**EXERCISE INSTRUCTIONS:** In the records below, find the line containing "Grill Sense Pro Digital Meat Thermometer" and print it and every line after it exactly, through the end. Skip pictures.

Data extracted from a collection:
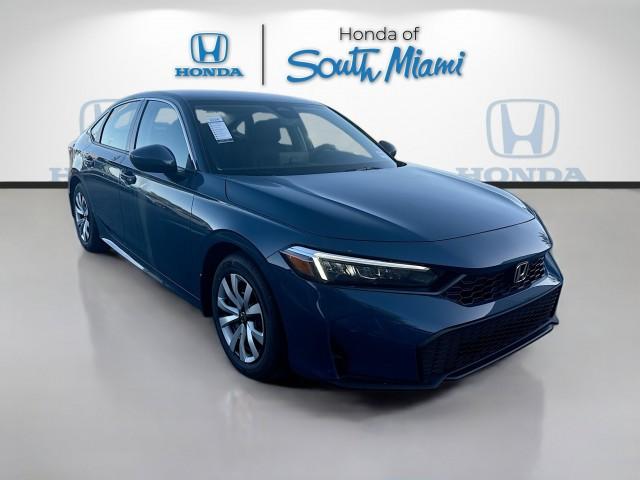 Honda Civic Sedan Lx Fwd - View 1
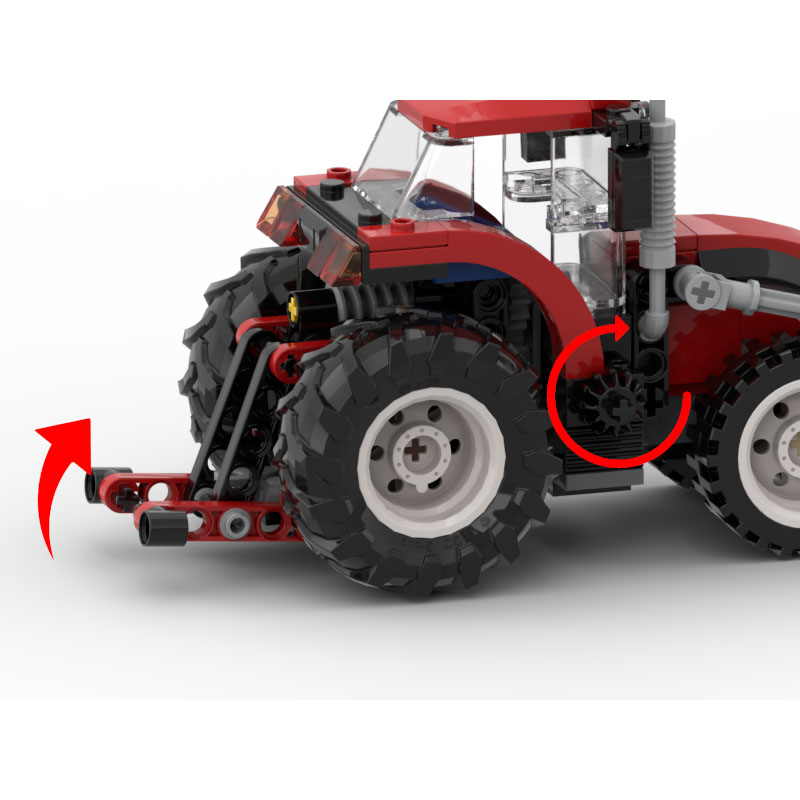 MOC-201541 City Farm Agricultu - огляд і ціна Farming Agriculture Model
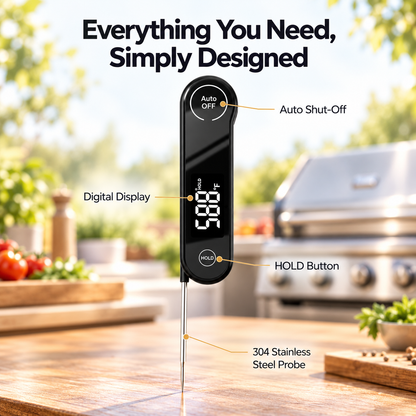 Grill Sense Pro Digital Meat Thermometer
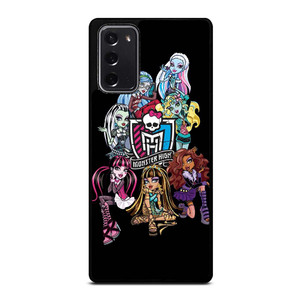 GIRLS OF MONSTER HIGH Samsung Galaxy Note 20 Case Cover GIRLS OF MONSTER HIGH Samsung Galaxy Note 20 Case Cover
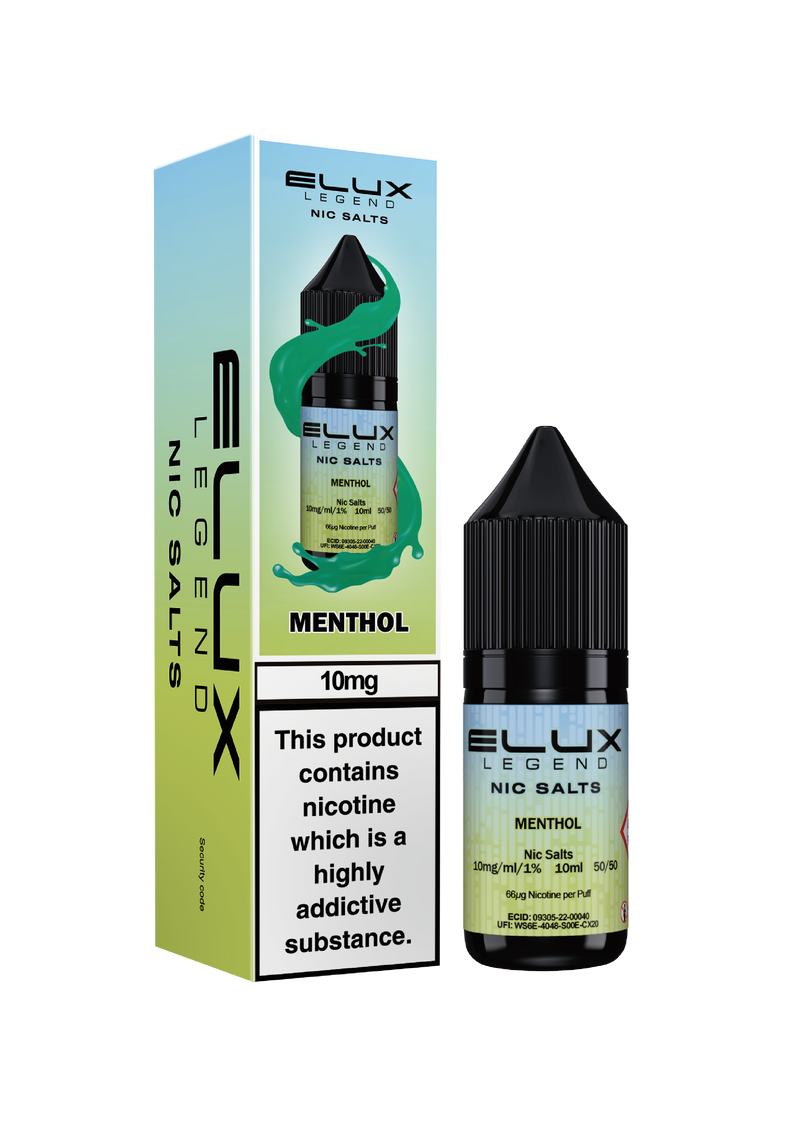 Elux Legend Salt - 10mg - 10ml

**ANSWER SECTION:**
 Grill Sense Pro Digital Meat Thermometer
 GIRLS OF MONSTER HIGH Samsung Galaxy Note 20 Case Cover GIRLS OF MONSTER HIGH Samsung Galaxy Note 20 Case Cover
 Elux Legend Salt - 10mg - 10ml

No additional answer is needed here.